Hoe 850 schapen verdwenen in het moeras

Lopende schapen

Kort voor Kerstmis 2016 was ik betrokken bij de organisatie van een evenement. In het Smeetshof, op de grens tussen Bocholt (B) en Weert (NL) vond de herdenking plaats van een onbekende, nogal opzienbarende smokkel van 850 schapen. Deze smokkel vond precies 100 jaar geleden plaats.

Enkele dagen voor kerst, op 19 december 1916 loodst de ondernemer en grootgrondbezitter Jan Hendriks – in Weert bekend als ‘Bolle Jan’ – met hulp van 2 handlangers 850 schapen naar het door de Duitsers bezet België.

Ze trekken door een ‘leeg Niemandsland’, een door grenswachten gecontroleerd heide- en moeraslandschap. Nabij grenspaal 164 steken ze de grens over. De Duitsers halen voor deze gelegenheid even de dodelijke 2000 volt van de Doodendraad (*). De schapen zijn waarschijnlijk bestemd voor Kamp Beverlo, waar 40.000 Duitse soldaten hun kerst vieren voordat ze naar het front vertrekken.

Enkele dagen later bekent Bolle Jan de verkoop van zijn kudde. Weert houdt zijn adem in. Smokkel, spionage en soldaten. Dat is een hoogst explosief mengsel. Zeker hier in dit gebied waar de staat van beleg heerst. Wordt de ‘’hoogaangeslagen’’ Jan Hendriks door justitie aangepakt, zoals de vele andere smokkelaars of gaat deze kwestie de doofpot in? De kranten in de rest van Nederland volgen de kwestie op de voet.

Herder Johan Schouteden dirigeert zijn kudde door de smalle straten richting Smeetshof.
Eeuwenlang waren dit soort trekkende kuddes heel gebruikelijk in de Kempen. Niemand keek er van op. Nu zo vlak voor de kerst, werd de tocht van de herder naar het Smeetshof een evenement op zich.

Via dit smokkelverhaal wordt de aandacht gevestigd op dit redelijk gaaf en gevarieerd ‘’doorgangsgebied’’ en de historische verbindingen tussen Bocholt en Weert. Maar ook op de eeuwenoude spanning van de grens. En hoe bewoners aan weerszijden van de streep daarmee omgingen. Deze veelal onbekende ‘’grensgevallen’’ kunnen een belangrijke stimulans zijn om bewoners (opnieuw) te betrekken bij de bijzondere kwaliteiten en de identiteit van de grensstreek: het landschap, groen, de geschiedenis, de glans en betrokkenheid van de streek.

Via dit smokkelverhaal wordt de aandacht gevestigd op dit redelijk gaaf en gevarieerd ‘’doorgangsgebied’’ en de historische verbindingen tussen Bocholt en Weert. Maar ook op de eeuwenoude spanning van de grens. En hoe bewoners aan weerszijden van de streep daarmee omgingen. Deze veelal onbekende ‘’grensgevallen’’ kunnen een belangrijke stimulans zijn om bewoners (opnieuw) te betrekken bij de bijzondere kwaliteiten en de identiteit van de grensstreek: het landschap, groen, de geschiedenis, de glans en betrokkenheid van de streek.

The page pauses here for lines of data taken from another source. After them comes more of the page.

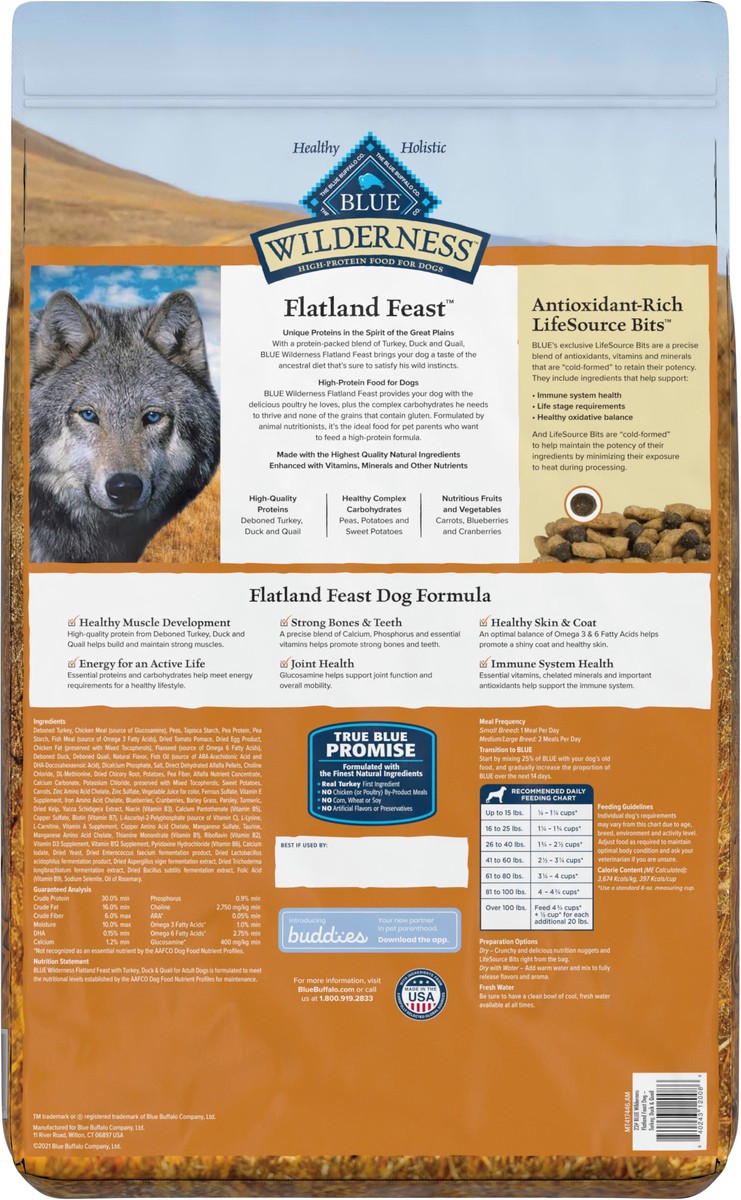 slide 6 of 12, Blue Buffalo Wilderness Flatland Feast High Protein, Natural Dry Dog Food with Turkey, Quail & Duck 22-lb, 4 lb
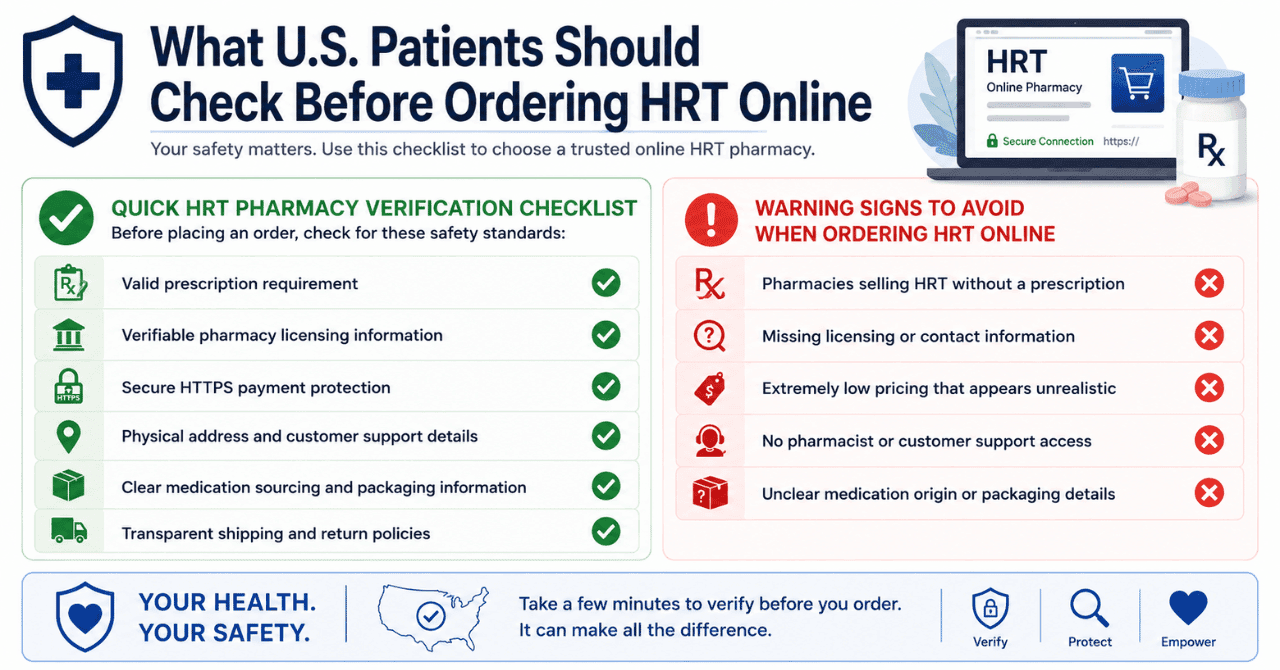 What U.S. Patients Should Check Before Ordering HRT Online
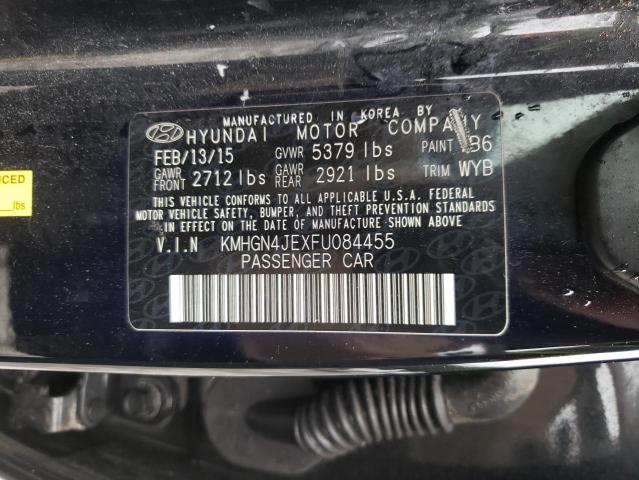 KMHGN4JEXFU084455 - 2015 HYUNDAI GENESIS 3.8L BLACK photo 12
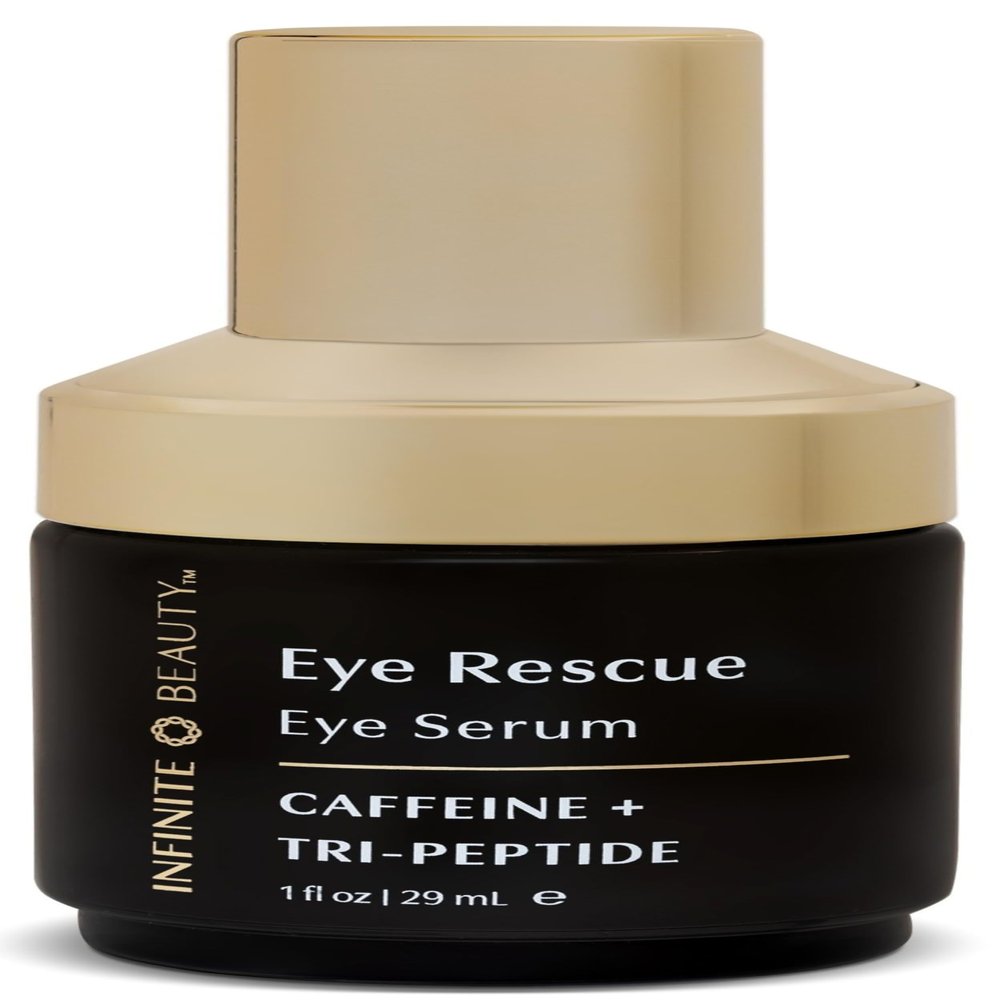 Infinite Beauty Eye Rescue Eye Serum Caffeine & Tri-peptide Reduces Puffiness & Dark Circles | Hydrates & Brightens Delicate Skin, Anti-Aging | 1 Fl Oz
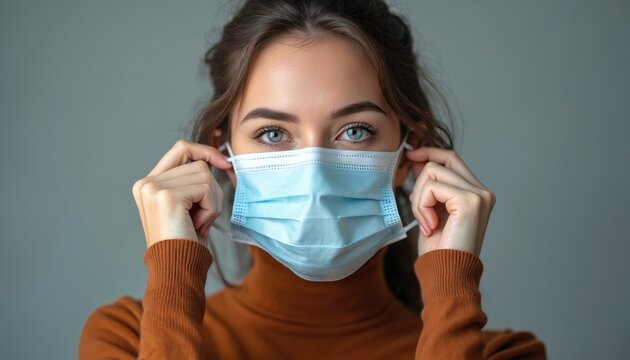 Young woman puts on blue medical face mask. Cares for health, prevents virus spread, illness, disease. Girl protects self from flu, infection, epidemic, pollution, danger. Human safety, global public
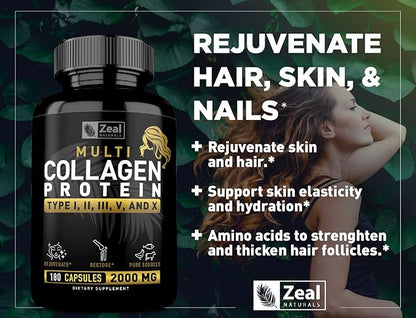 Multi Collagen Peptides Pills (Types Ⅰ,Ⅱ,Ⅲ,Ⅴ,Ⅹ) Grass Fed Collagen Pills (180 Capsules) - Hydrolysate Collagen Protein Blend for Hair, Skin, Nails, and Joint Support - Collagen Pills for Women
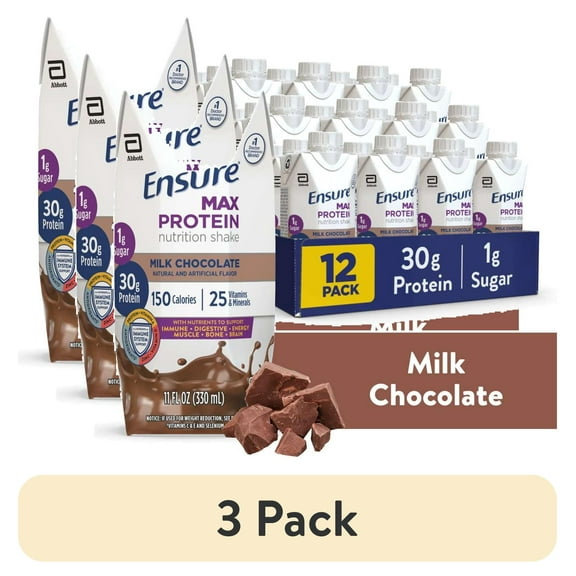 (3 pack) Ensure Max Protein Shake, 30g Protein, Milk Chocolate, 11 fl oz, 12 Pack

Een Duitse grenswacht houdt een oogje in het zeil.
Bolle Jan, gespeeld door Jan Hoeben, doet zijn verhaal.

De tekst in dit verhaal is gebaseerd op een tekst van Gert van Elk die hij schreef voor dit evenement.

(*) De Doodendraad was de elektrische grensafscheiding die de Duitsers tijdens WO I op de grens tussen België en het neutrale Nederland plaatsten. Deze afscheiding moest voorkomen dat ontsnapte gevangenen, spionnen, deserteurs en andere vluchtelingen de grens overstaken naar Nederland. Of omgekeerd dat niemand vanuit Nederland het bezette België kon binnendringen. Omdat de bewoners in de grensstreek nauwelijks vertrouwd waren met elektriciteit, kostte de Doodendraad het leven aan een duizendtal mensen. Dit verklaart meteen de naam van deze grensafscheiding.